その後ソフィアは2杯目もぺろりと飲み干し、3杯目を注ごうとするセブルスに「もう、いいわ」と手を振る。
人より食べる量が多かったソフィアだが、3週間ほど少量のスープしか飲んでいなかったせいでかなり、少食になってしまった。
温かいホットチョコレートを飲んだソフィアは、体の芯からぽかぽかと温まるような心地よさにソファに身を沈め、「ふう、」とため息をついた。

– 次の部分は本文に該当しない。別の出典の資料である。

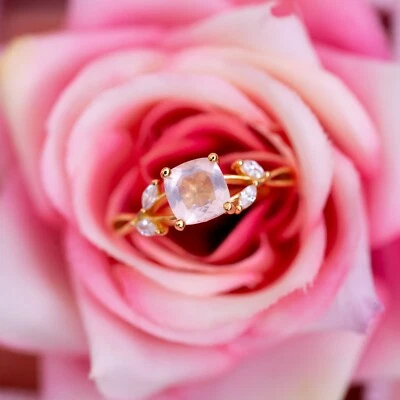 Delicado anillo de cristal rosa con flor de cuarzo rosa plata esterlina oro vermeil joyería Foto 1 de 4
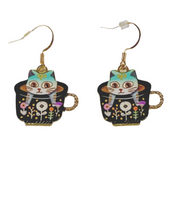 Load image into Gallery viewer, Teal Cat in Black Flower Cup Dangle Earrings
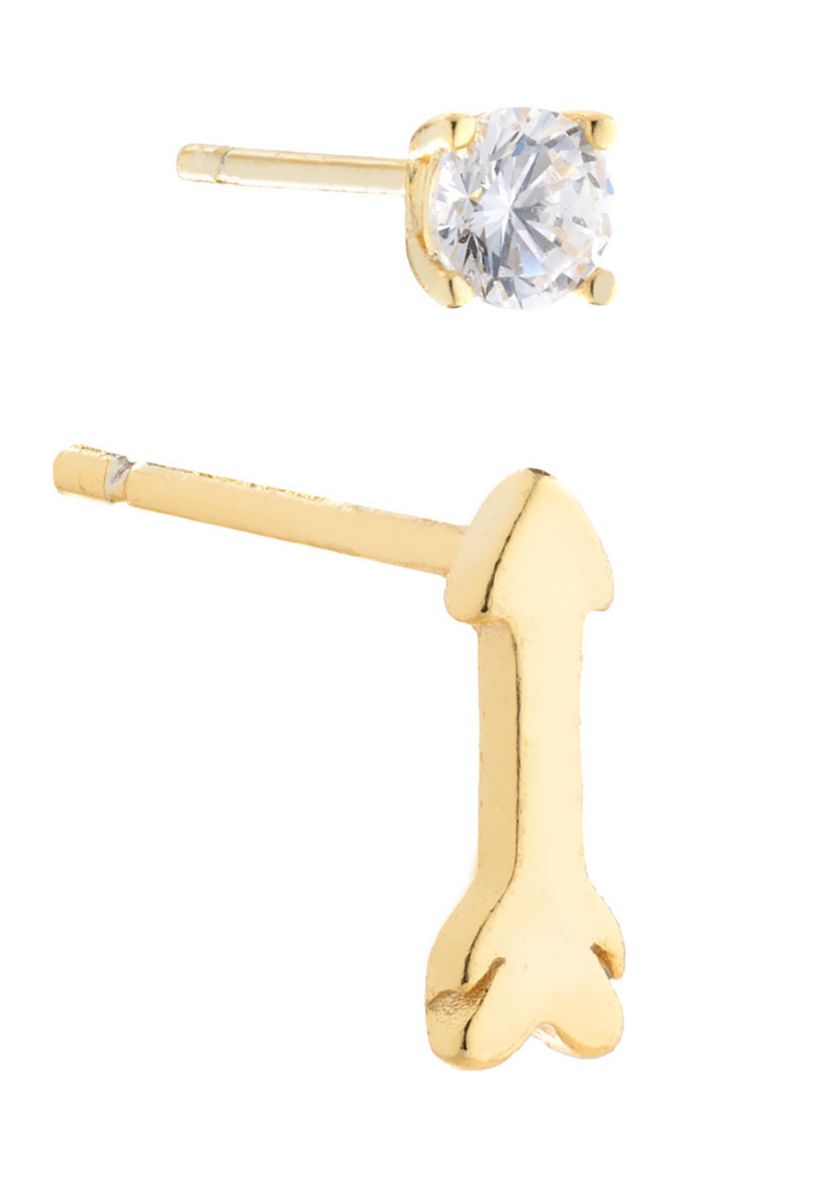Gold Over Sterling Silver Arrow and 4mm Cubic Zirconia Stud Duo Earring Set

「あ、そうだ。ソフィアってハリーと付き合ってんの?」
脈絡なくジャックがソフィアに問いかけ──セブルスはびしりと動きを止めた──ソフィアはジャックまであの噂を本気にしているのかと眉を寄せながら首を振った。
「何?──本当か?」
「……そうよ?」
「だが、この前私には──付き合っていると……」
「私──そんな事言ってないわ」
ソフィアは口を押さえ、なるべく唇を動かさないようにしながら怪訝な顔をした。
何を言っただろうか、あの時はマンドレイクを吐き出した衝撃と苛立ちで勢いづいて何かを言ってしまったが──ハリーと付き合っているなど、言っていない筈だ。

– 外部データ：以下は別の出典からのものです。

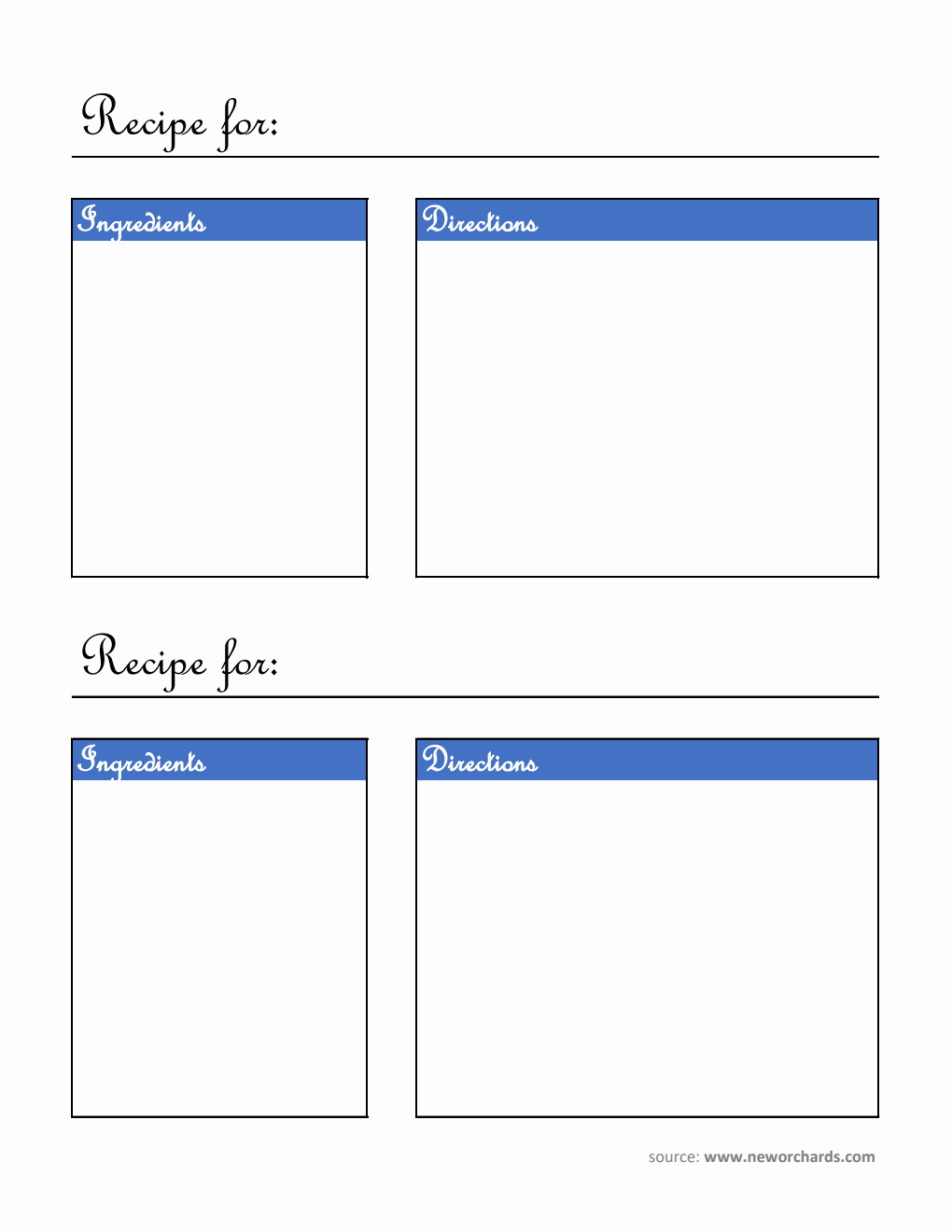 Free Recipe Card Template in Excel Format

「ほらな?セブ、お前の勘違いだっただろ?ハリーには揶揄われたんだよ」
「……」
セブルスは唖然としていたが、ジャックの言葉の意味と、ソフィアの嘘は言っていない視線を受け──額にびしりと青筋を走らせた。
「…本当に、ポッターとは何も、ないんだな?」
「無いわ」
「…グレンジャーとは?」
「ハーマイオニー?──ハーマイオニーが、愛の妙薬を盛らなくても──相思相愛よ」
何を勘違いし、心配しているのかとソフィアはくすくすと楽しげに笑うが、その言葉も──かなり誤解を招くと言えるだろう。事実、セブルスは「まさかグレンジャーと…?」と愕然と呟く。

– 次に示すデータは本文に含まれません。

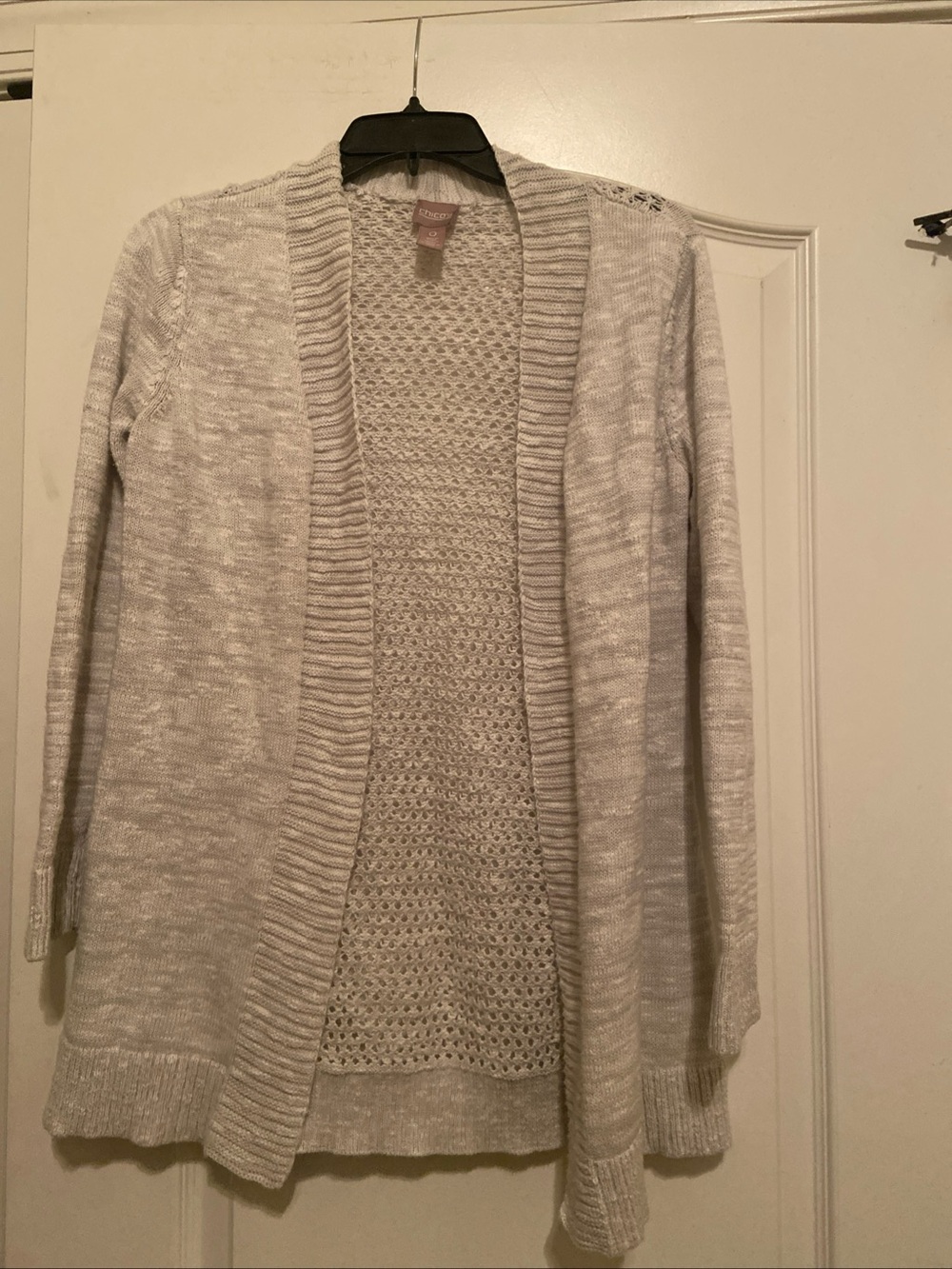 Chico's Heathered Light Gray Open-Front Cardigan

ジャックは呆れたような目でソフィアを見て「そういう言い方、セブは誤解するぜ?」と忠告した。
「……?でも、事実よ?」
「友達として、相思相愛って事だろ?」
「それ以外に、何があるの?」
きょとんとするソフィアに、セブルスは大きく安堵のため息を吐いたが「紛らわしい…」と苦々しく呟き額を押さえた。
ジャックは2人の様子に苦笑しながら紅茶を飲む。──この様子だと、セブはこれからも色々勘違いするハメになりそうだ。